BEGIN
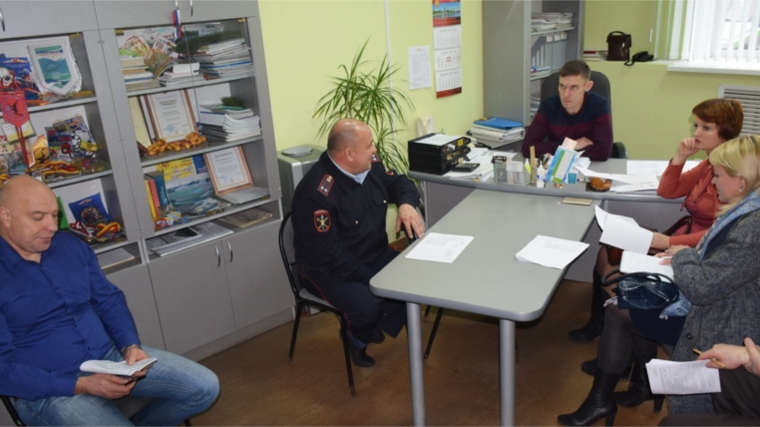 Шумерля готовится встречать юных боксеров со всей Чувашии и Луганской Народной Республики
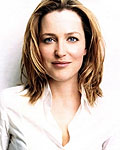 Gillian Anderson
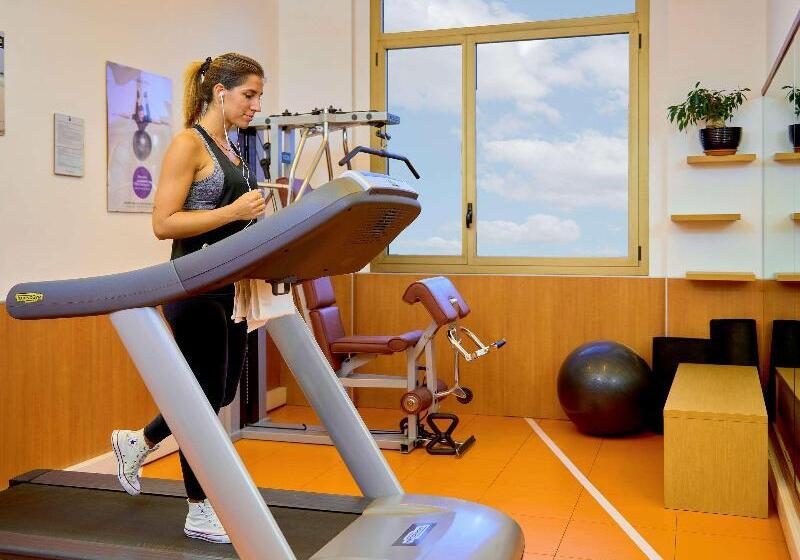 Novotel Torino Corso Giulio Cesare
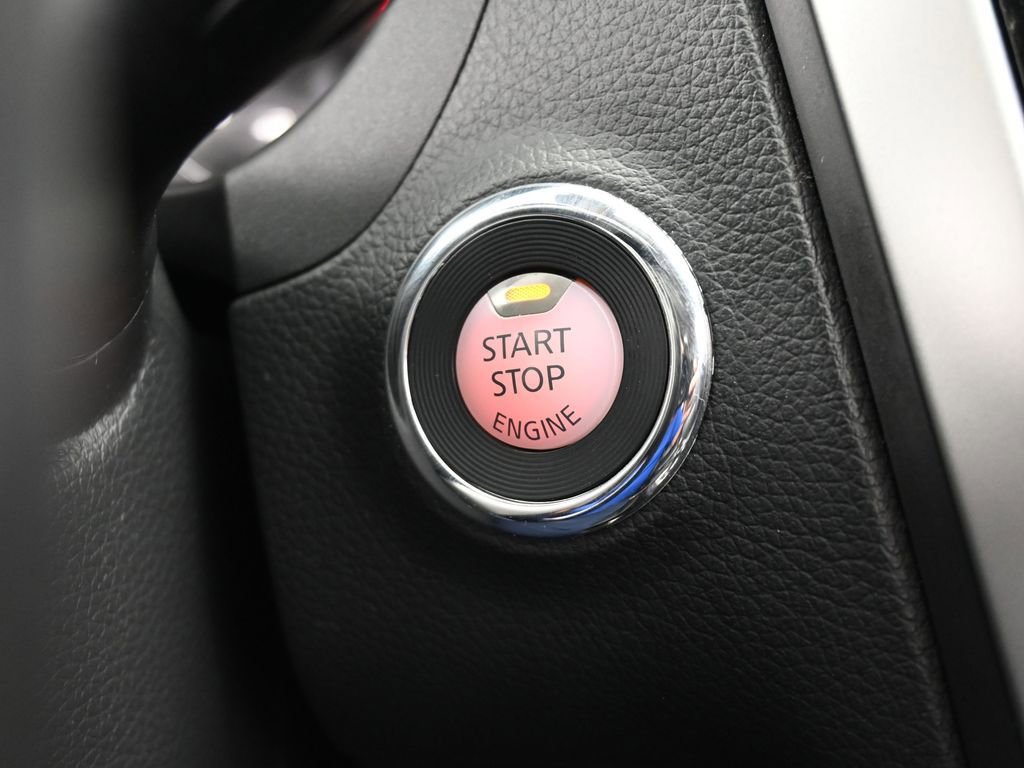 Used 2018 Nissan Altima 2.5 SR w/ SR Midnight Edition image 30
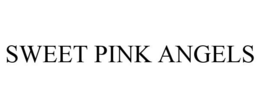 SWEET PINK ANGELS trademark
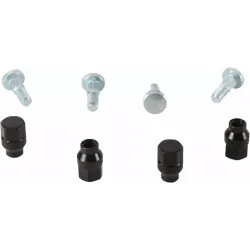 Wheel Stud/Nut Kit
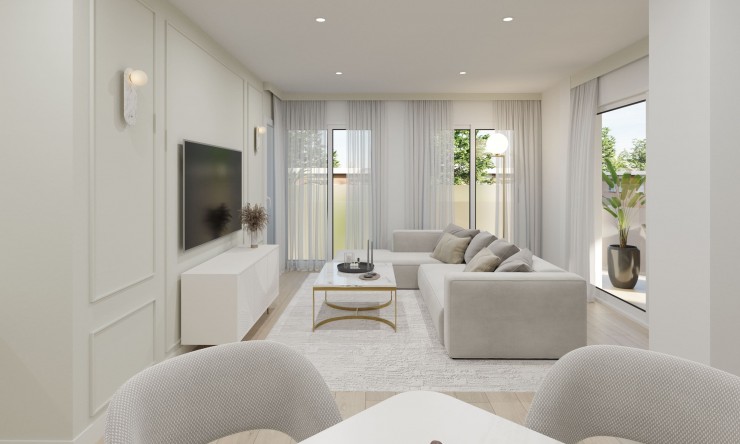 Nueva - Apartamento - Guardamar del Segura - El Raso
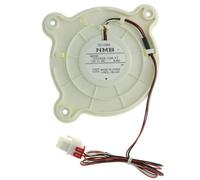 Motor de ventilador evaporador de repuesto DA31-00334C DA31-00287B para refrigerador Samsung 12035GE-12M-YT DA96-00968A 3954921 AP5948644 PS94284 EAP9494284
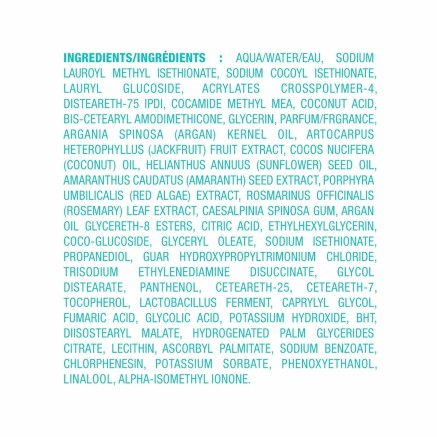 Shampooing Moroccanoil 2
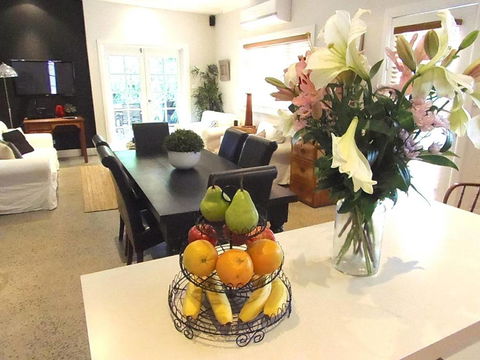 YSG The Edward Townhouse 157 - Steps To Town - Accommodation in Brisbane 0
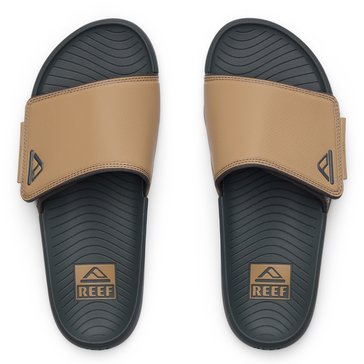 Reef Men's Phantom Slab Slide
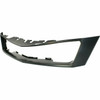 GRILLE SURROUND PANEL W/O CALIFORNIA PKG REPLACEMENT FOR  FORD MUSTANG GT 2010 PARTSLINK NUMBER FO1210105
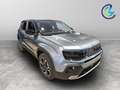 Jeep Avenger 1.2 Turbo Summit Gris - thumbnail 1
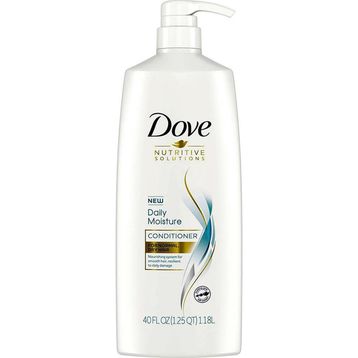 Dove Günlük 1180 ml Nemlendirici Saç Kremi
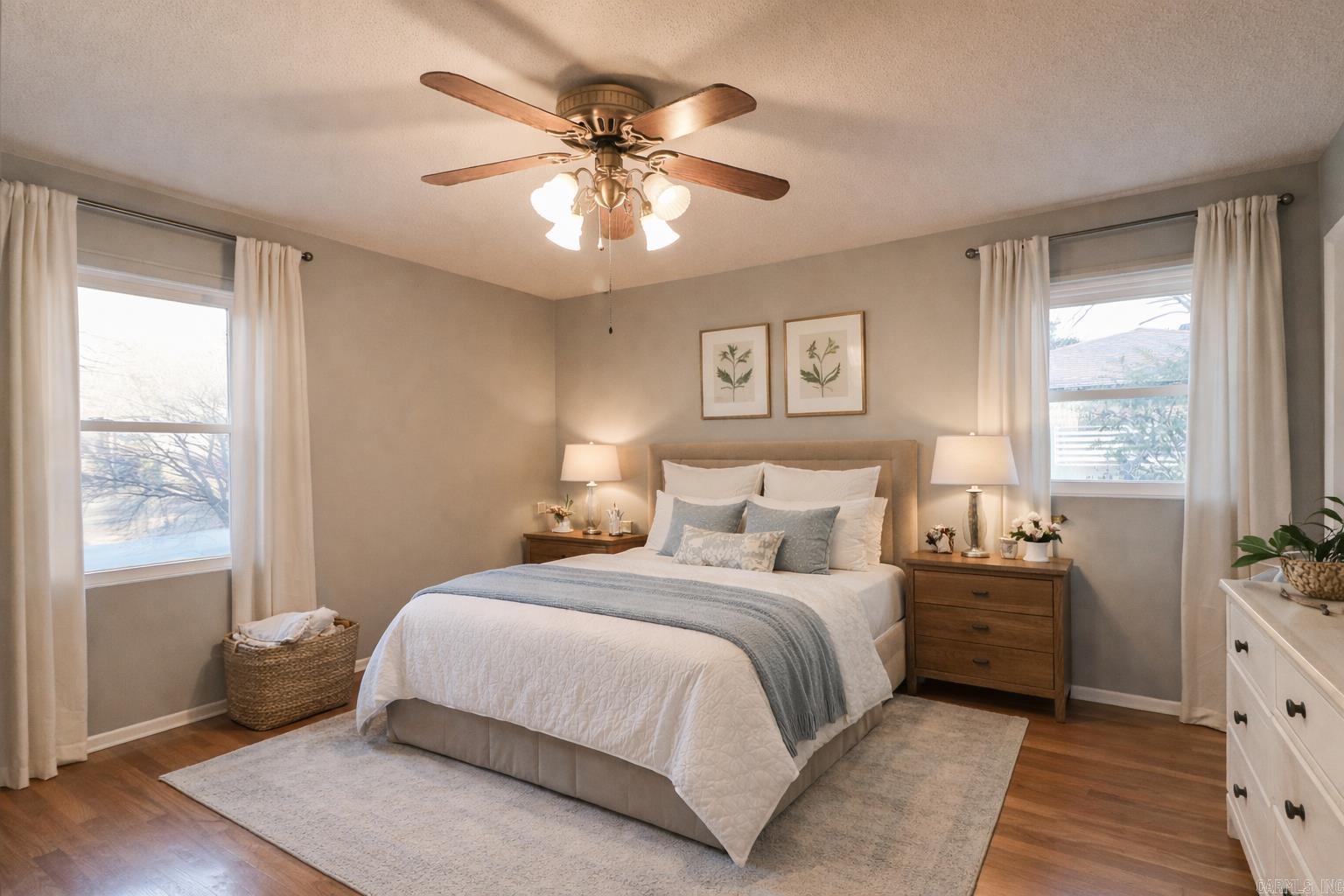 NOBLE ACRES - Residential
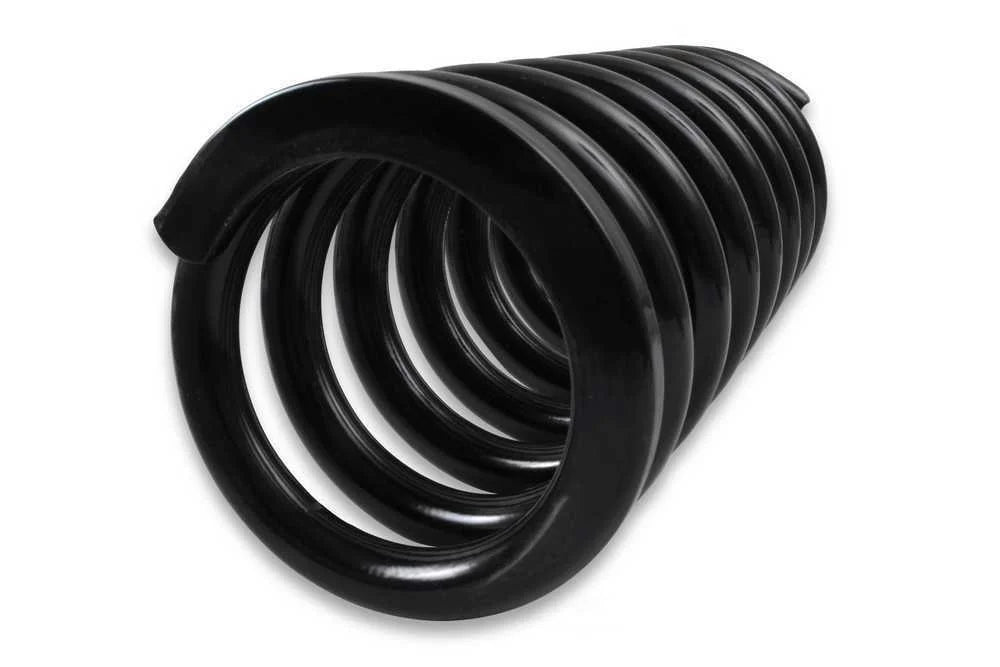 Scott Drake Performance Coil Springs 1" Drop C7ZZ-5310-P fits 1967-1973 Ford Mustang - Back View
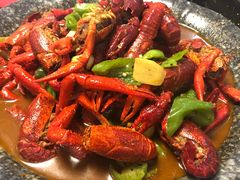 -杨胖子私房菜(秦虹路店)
END
__What the task requires__: Set down every entry above verbatim, without pictures.

__Reply__:
 Шумерля готовится встречать юных боксеров со всей Чувашии и Луганской Народной Республики
 Gillian Anderson
 Novotel Torino Corso Giulio Cesare
 Used 2018 Nissan Altima 2.5 SR w/ SR Midnight Edition image 30
 SWEET PINK ANGELS trademark
 Wheel Stud/Nut Kit
 Nueva - Apartamento - Guardamar del Segura - El Raso
 Motor de ventilador evaporador de repuesto DA31-00334C DA31-00287B para refrigerador Samsung 12035GE-12M-YT DA96-00968A 3954921 AP5948644 PS94284 EAP9494284
 Shampooing Moroccanoil 2
 YSG The Edward Townhouse 157 - Steps To Town - Accommodation in Brisbane 0
 Reef Men's Phantom Slab Slide
 GRILLE SURROUND PANEL W/O CALIFORNIA PKG REPLACEMENT FOR  FORD MUSTANG GT 2010 PARTSLINK NUMBER FO1210105
 Jeep Avenger 1.2 Turbo Summit Gris - thumbnail 1
 Dove Günlük 1180 ml Nemlendirici Saç Kremi
 NOBLE ACRES - Residential
 Scott Drake Performance Coil Springs 1" Drop C7ZZ-5310-P fits 1967-1973 Ford Mustang - Back View
 -杨胖子私房菜(秦虹路店)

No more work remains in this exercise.